[Extracted data — start]

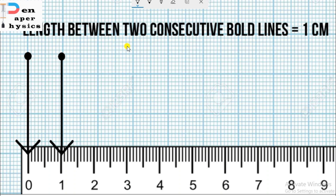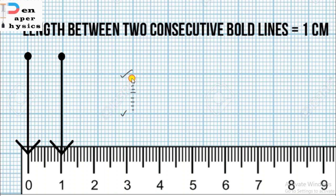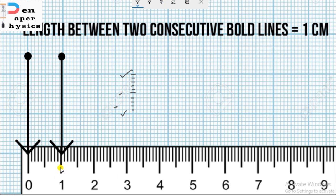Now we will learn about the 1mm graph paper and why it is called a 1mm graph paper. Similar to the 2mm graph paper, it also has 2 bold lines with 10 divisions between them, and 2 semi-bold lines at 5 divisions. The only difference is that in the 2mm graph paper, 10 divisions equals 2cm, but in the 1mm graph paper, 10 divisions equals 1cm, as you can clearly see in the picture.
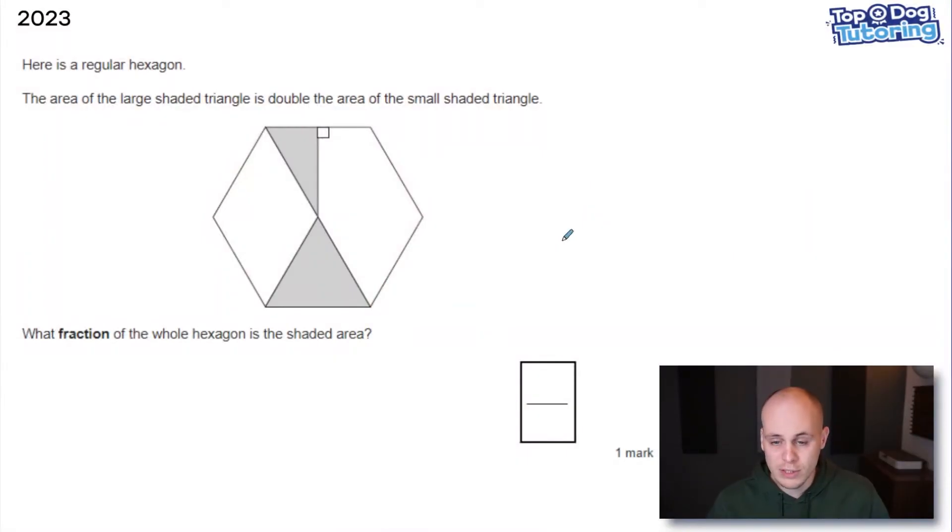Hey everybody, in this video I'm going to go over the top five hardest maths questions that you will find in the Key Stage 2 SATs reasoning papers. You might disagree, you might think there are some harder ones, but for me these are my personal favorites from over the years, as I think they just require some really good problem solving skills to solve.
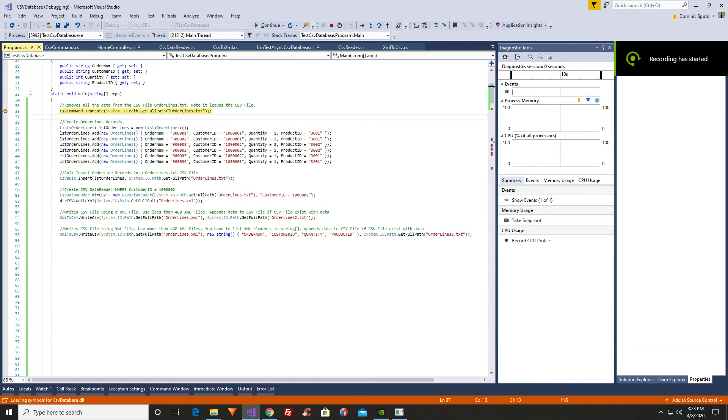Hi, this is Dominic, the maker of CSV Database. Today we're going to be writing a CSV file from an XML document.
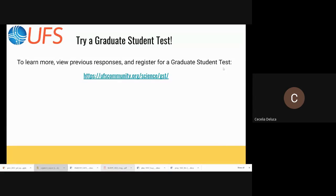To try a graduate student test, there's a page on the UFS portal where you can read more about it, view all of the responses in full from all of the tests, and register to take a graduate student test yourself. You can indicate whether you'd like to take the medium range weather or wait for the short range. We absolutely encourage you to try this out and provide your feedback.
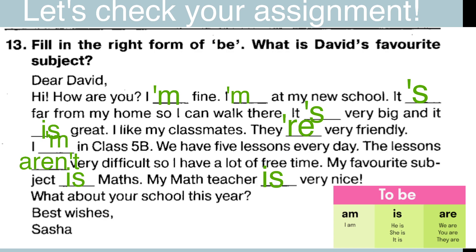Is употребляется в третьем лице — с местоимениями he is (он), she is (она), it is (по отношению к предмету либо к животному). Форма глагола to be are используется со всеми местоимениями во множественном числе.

[Extracted data — finish]
[Extracted data — start]

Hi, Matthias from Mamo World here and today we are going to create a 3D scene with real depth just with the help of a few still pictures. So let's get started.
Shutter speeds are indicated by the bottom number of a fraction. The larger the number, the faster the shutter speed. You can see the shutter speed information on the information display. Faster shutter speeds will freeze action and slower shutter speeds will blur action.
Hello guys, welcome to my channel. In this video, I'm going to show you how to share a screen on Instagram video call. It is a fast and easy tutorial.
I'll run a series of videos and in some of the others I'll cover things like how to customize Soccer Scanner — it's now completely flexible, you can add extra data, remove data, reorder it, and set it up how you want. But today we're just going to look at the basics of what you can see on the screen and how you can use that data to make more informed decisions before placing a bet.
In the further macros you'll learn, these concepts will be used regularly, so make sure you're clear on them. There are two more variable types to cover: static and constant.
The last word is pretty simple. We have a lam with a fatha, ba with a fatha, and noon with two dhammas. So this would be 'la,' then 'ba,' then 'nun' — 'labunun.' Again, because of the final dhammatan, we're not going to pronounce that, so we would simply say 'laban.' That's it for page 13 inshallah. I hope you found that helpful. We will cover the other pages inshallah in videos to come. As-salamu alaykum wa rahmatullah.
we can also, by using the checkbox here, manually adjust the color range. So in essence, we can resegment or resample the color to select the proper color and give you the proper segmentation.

[Extracted data — finish]

● Work to be completed: Look through the listing above for the line with "To try a graduate" and the line with "Is употребляется в". Write out exactly those lines and everything between, leaving out pictures.

● Result:
To try a graduate student test, there's a page on the UFS portal where you can read more about it, view all of the responses in full from all of the tests, and register to take a graduate student test yourself. You can indicate whether you'd like to take the medium range weather or wait for the short range. We absolutely encourage you to try this out and provide your feedback.
Is употребляется в третьем лице — с местоимениями he is (он), she is (она), it is (по отношению к предмету либо к животному). Форма глагола to be are используется со всеми местоимениями во множественном числе.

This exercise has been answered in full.